第三には、職員の意識改革にもしっかり取り組んでいくことです。繰り返しになりますが、人間は『腹落ち』すればアクションが伴うというのは昔から言われていることです。『腹落ち』しないままではよい仕事ができないので、『どう体験してもらうのか?』に重きをおいて、DXを進めて行きたいと思っています。
デジタル人材を受け入れて何が変わったか
最後に河野副市長へ質問です。ソフトバンクからデジタル人材を受け入れて、どのような変化があったでしょうか。
河野副市長「山田統括監は、職員の兄貴分としてよい相談役になっているなと思います。

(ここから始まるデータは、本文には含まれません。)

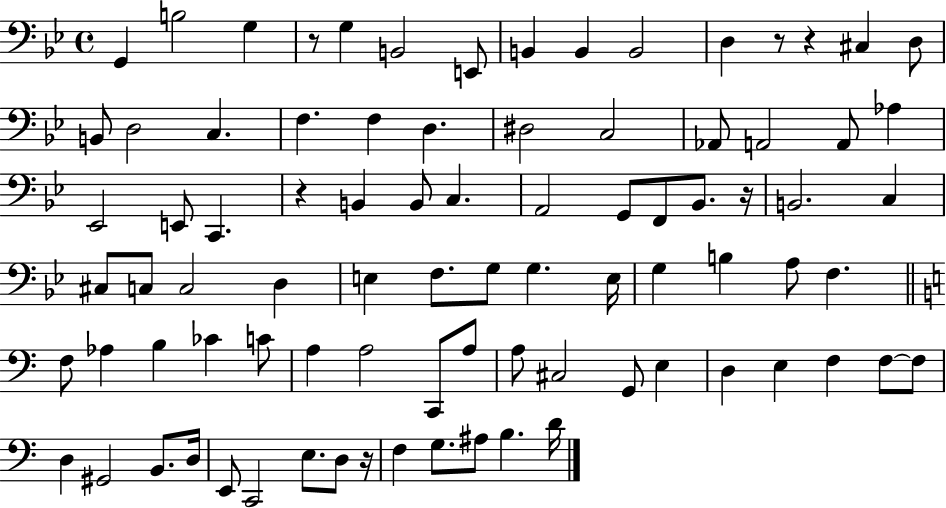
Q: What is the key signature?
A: BES major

DXを進めるにあたっても、話を聞いて進める手法のおかげで、職員の意識づけも大きく変わってきたと思っています。
また、行政にはスピードが求められます。ほかの市などで事故が起きた際などは、1分1秒でも早く、うちの市でもこういう対策をとります!と市民に周知する必要があります。そのときに、どの施策ならば技術的に可能なのか?を即断即決できることは、デジタル人材を受け入れた一番のメリットかなと思います。
市民サービス提供のスピードアップに貢献できているということですね。
河野副市長: そうです。なにか事故があっても、半年も経てば記憶が薄れてしまいます。市民の皆さんの関心が高いうちにスピーディに施策を行えることは、最大の魅力だと思います。

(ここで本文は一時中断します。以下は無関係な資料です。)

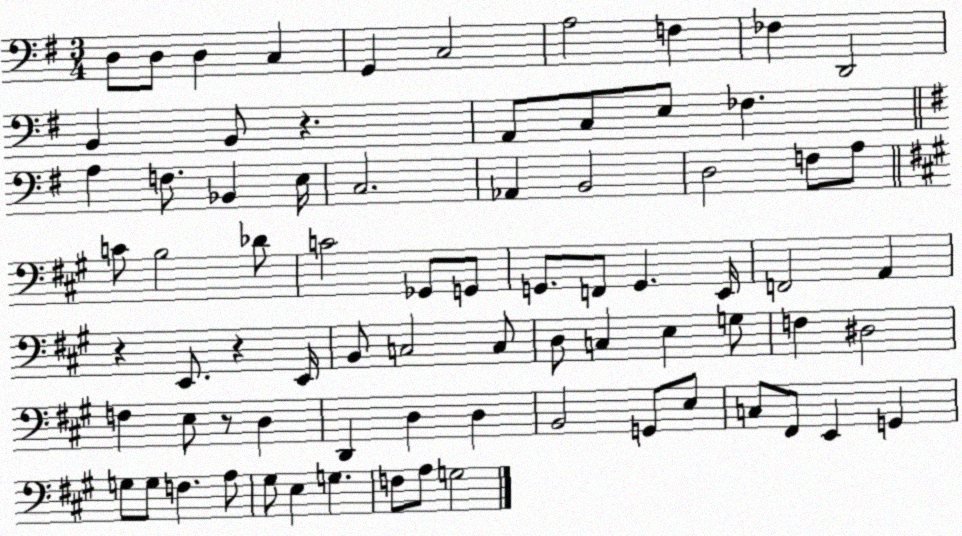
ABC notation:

X:1
T:Untitled
M:3/4
L:1/4
K:G
D,/2 D,/2 D, C, G,, C,2 A,2 F, _F, D,,2 B,, B,,/2 z A,,/2 C,/2 E,/2 _F, A, F,/2 _B,, E,/4 C,2 _A,, B,,2 D,2 F,/2 A,/2 C/2 B,2 _D/2 C2 _G,,/2 G,,/2 G,,/2 F,,/2 G,, E,,/4 F,,2 A,, z E,,/2 z E,,/4 B,,/2 C,2 C,/2 D,/2 C, E, G,/2 F, ^D,2 F, E,/2 z/2 D, D,, D, D, B,,2 G,,/2 E,/2 C,/2 ^F,,/2 E,, G,, G,/2 G,/2 F, A,/2 ^G,/2 E, G, F,/2 A,/2 G,2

加えて、山田統括監が行政側の気持ちをうまくソフトバンクに繋いでくれることによって、行政サービスの幅も向上していると思います。新しい事業だと、どこの会社を選ぶかも試行錯誤して時間がかかります。そんなときも瞬時に情報を提供してくれるのでとてもありがたいです。

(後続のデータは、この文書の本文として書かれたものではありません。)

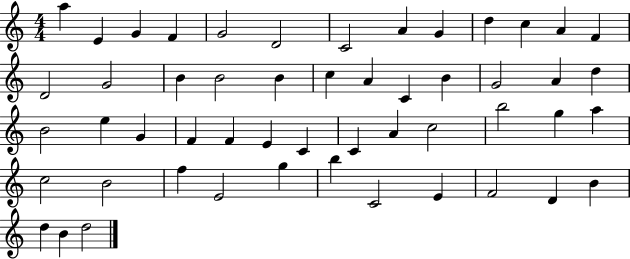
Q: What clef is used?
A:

市民のためのデジタル化をより推進できているということですね。
河野副市長: はい。山田統括監が『やります!』といえば、技術的にはできるんだ、と職員を一発で納得させられるところがすごいですよね。説得力が違います。
何より、ソフトバンクという会社全体で藤枝市を応援してくれていることが嬉しいです。そういう意味でもソフトバンクさんの人材は間違いないと思っていますし、第一号包括連携協定の締結から今まで続くお付き合いの中で、ソフトバンクさんからのサポートに感謝しています。
デジタル活用で藤枝市の魅力が一層高まることを期待しています。ありがとうございました。